But the FBI has released strict guidance, advising anyone hit with ransomware not to pay it.
Tonya Ugoretz, deputy assistant director of Cyber Policy, Intelligence, and Engagement Branch at the FBI, spoke at the summit and said it was imperative for state or city level governments to come to the FBI first.
Ugoretz acknowledged that the first step must be to bring systems back online, but she noted that working with federal law enforcement after an attack was critical in not only stopping others from being hit with similar attacks but also so that federal authorities could proactively find attackers.
"A computer intrusion is a crime and we need to treat a virtual intrusion the same way we treat a physical break-in. If your City Hall suffered a physical attack, you're going to call someone to clean up the broken glass, change the locks, and put in new windows. But you're also going to call law enforcement so we can find who did this and prevent others quickly from also becoming a victim," she said.

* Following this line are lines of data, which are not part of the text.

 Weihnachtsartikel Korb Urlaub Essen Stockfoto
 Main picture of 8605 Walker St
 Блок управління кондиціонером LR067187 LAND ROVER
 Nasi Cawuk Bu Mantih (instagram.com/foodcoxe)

"That same need exists for cyber intrusions. The attacker's goal isn't just to compromise a network, it's to use that access to do something else. The 'do something' could be many things. To steal your info, to encrypt your networks and ask for a ransom, or something more destructive, like wiping your data or destroying your systems."
She went on to explain that the FBI can help use its connections to national and international law enforcement agencies to help "go on offense against those responsible."
State-level organizations should not only develop closer relationships with their nearest FBI field office but should make sure officials are trained in cybersecurity in order to address a crisis faster.
"As we look ahead, we know that unfortunately, cyber intrusions will take their place alongside other criminal violations and terrorism as a type of threat we all have to be ready to protect against," Ugoretz said. "Your police and sheriff's departments may not currently receive many calls for service for cyber attacks, but that future is on the horizon and the time for us to prepare for it is now."